[Short web captions]
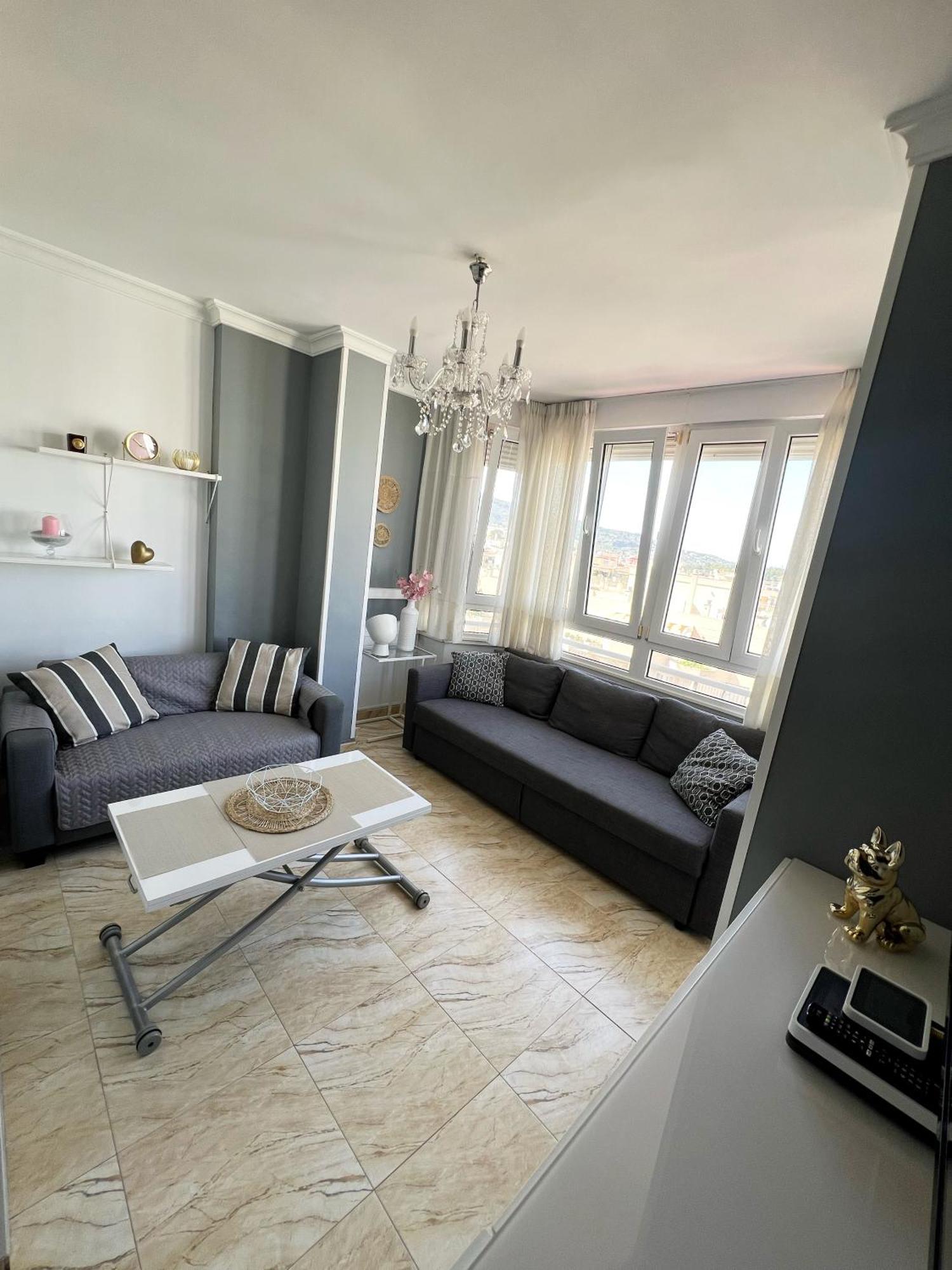 Nino'S Torremolinos Apartment Bagian luar foto
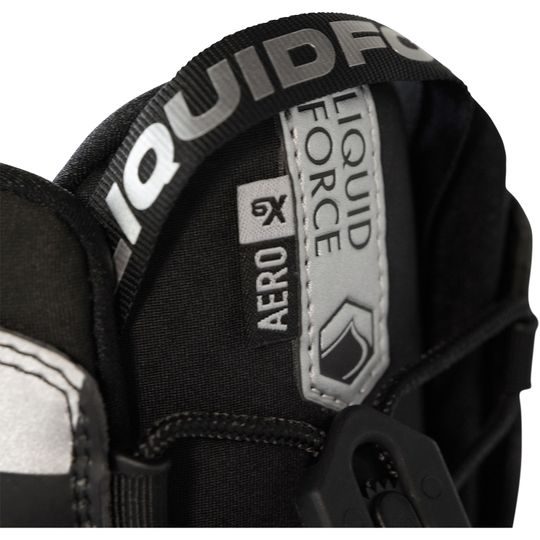 Liquid Force 2027 Aero 6X Men's Wakeboard Boots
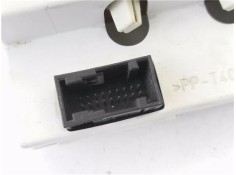 Recambio de reloj horario para peugeot 206 1.4 i referencia OEM IAM 96636540XT  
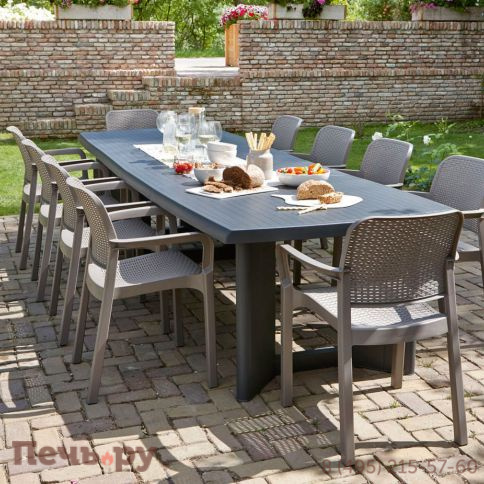 Стул Gardeck Бали (Bali) капучино фото 4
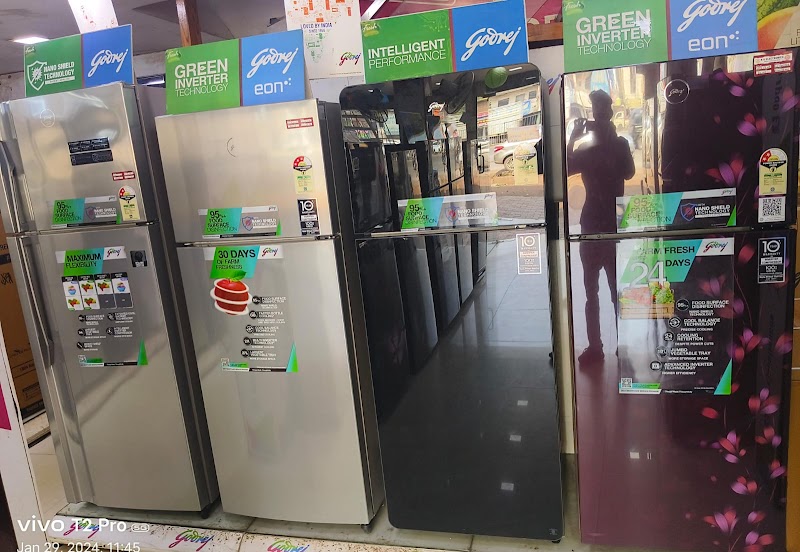 Godrej Inspire Hub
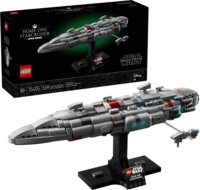 LEGO® Star Wars: 75405 - Home One-típusú csillagcirkáló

• [WHAT THE TASK ASKS] Every line of the records above must reappear exactly, though the pictures must not.

• [TASK RESPONSE]
 Nino'S Torremolinos Apartment Bagian luar foto
 Liquid Force 2027 Aero 6X Men's Wakeboard Boots
 Recambio de reloj horario para peugeot 206 1.4 i referencia OEM IAM 96636540XT  
 Стул Gardeck Бали (Bali) капучино фото 4
 Godrej Inspire Hub
 LEGO® Star Wars: 75405 - Home One-típusú csillagcirkáló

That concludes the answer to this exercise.